Can't resume from rdb-load step


#1

i don’t understand why this won’t resume from rdb-load.

it failed to load because redshift was in maintenance mode. but when i run the EMR command to resume from rdb-load it shouldn’t care about enriched folder no?

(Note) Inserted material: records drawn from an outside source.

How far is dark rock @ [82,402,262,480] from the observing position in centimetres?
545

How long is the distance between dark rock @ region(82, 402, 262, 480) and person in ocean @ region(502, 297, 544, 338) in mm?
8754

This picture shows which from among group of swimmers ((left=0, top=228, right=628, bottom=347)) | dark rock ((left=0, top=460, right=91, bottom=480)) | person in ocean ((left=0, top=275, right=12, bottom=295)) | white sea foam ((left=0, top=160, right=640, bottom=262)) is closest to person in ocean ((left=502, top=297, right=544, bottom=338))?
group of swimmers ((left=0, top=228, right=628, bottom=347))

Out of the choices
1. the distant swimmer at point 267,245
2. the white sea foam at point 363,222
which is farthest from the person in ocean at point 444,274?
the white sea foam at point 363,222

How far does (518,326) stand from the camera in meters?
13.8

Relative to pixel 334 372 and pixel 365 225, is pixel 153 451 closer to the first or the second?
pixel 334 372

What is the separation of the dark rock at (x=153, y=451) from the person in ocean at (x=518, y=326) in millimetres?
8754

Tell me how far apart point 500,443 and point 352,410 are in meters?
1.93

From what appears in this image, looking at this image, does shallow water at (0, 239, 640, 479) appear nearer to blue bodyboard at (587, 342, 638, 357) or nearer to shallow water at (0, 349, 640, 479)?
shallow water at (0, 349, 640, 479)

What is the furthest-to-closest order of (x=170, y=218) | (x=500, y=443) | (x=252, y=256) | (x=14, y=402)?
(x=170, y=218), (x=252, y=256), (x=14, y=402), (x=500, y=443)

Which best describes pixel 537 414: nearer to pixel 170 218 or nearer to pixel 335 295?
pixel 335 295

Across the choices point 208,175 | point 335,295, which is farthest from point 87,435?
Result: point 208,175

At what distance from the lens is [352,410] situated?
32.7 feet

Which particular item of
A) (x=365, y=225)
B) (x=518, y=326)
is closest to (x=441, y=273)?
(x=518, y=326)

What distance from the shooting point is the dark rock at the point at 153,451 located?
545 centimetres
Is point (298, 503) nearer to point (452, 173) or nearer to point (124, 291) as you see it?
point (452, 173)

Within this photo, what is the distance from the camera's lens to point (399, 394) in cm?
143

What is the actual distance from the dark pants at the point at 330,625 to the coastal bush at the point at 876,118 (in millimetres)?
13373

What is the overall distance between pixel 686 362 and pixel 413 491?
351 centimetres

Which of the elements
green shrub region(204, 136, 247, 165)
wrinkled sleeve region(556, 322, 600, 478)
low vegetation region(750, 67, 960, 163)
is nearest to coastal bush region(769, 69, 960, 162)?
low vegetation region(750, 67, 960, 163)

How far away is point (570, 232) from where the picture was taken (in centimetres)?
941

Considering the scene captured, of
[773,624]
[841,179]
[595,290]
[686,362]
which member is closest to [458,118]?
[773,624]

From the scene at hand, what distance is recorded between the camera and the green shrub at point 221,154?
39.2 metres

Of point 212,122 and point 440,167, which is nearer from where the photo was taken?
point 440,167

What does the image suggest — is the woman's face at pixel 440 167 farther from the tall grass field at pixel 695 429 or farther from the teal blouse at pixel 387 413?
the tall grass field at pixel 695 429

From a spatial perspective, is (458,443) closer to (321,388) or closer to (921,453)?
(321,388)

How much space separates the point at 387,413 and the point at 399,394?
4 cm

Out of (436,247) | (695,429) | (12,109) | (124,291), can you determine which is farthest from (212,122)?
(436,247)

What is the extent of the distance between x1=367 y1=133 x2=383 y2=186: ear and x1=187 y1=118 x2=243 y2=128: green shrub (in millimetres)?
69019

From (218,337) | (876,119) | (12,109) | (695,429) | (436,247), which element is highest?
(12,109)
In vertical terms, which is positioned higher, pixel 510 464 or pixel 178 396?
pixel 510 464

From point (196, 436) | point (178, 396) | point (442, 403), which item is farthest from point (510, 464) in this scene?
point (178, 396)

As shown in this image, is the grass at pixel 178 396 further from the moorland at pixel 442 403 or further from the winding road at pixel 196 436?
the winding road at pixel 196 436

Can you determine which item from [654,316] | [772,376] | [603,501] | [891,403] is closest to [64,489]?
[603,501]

EMR definitely failed on the load step.

ERROR: Data loading error Problems with establishing DB connection
Amazon Error setting/closing connection: Connection refused.
Following steps completed: [Discover]
INFO: Logs successfully dumped to S3 [s3://ga-snowplow-production/snowplow-log/rdb-loader/2018-03-10-07-15-28/37bc5a82-de8f-4c54-aa39-437f07177f2b]

[root@ip-X-X-X-X bin]# /var/app/current/bin/snowplow-emr-etl-runner run --config /var/app/current/etc/emr-config.yml --resolver /var/app/current/etc/resolver.conf --enrichments /var/app/current/enrichments --targets /var/app/current/etc/storage_targets --resume-from rdb_load
D, [2018-03-12T13:42:29.574000 #32360] DEBUG – : Initializing EMR jobflow
E, [2018-03-12T13:42:37.775000 #32360] ERROR – : No run folders in [s3://ga-snowplow-production/snowplow-enriched/good/] found
F, [2018-03-12T13:42:37.779000 #32360] FATAL – :

Snowplow::EmrEtlRunner::UnexpectedStateError (No run folders in [s3://ga-snowplow-production/snowplow-enriched/good/] found):
uri:classloader:/emr-etl-runner/lib/snowplow-emr-etl-runner/emr_job.rb:715:in get_latest_run_id' uri:classloader:/emr-etl-runner/lib/snowplow-emr-etl-runner/emr_job.rb:480:ininitialize’
uri:classloader:/gems/contracts-0.11.0/lib/contracts/method_reference.rb:43:in send_to' uri:classloader:/gems/contracts-0.11.0/lib/contracts/call_with.rb:76:incall_with’
uri:classloader:/gems/contracts-0.11.0/lib/contracts/method_handler.rb:138:in block in redefine_method' uri:classloader:/emr-etl-runner/lib/snowplow-emr-etl-runner/runner.rb:100:inrun’
uri:classloader:/gems/contracts-0.11.0/lib/contracts/method_reference.rb:43:in send_to' uri:classloader:/gems/contracts-0.11.0/lib/contracts/call_with.rb:76:incall_with’
uri:classloader:/gems/contracts-0.11.0/lib/contracts/method_handler.rb:138:in block in redefine_method' uri:classloader:/emr-etl-runner/bin/snowplow-emr-etl-runner:41:in
org/jruby/RubyKernel.java:979:in load' uri:classloader:/META-INF/main.rb:1:in
org/jruby/RubyKernel.java:961:in require' uri:classloader:/META-INF/main.rb:1:in(root)’
uri:classloader:/META-INF/jruby.home/lib/ruby/stdlib/rubygems/core_ext/kernel_require.rb:1:in `’


#2

Hi @mjensen,

What version of Snowplow/EmrEtlRunner you use? I think it can be this issue fixed in R95.


#4

@anton thanks, i believe we are on R92.

would upgrading help my stuck state though? i can fix it by clearing enriched/shred folders and letting it process from scratch to get things going again which is fine, i’ve done it before. or would upgrading to R95/latest be the best?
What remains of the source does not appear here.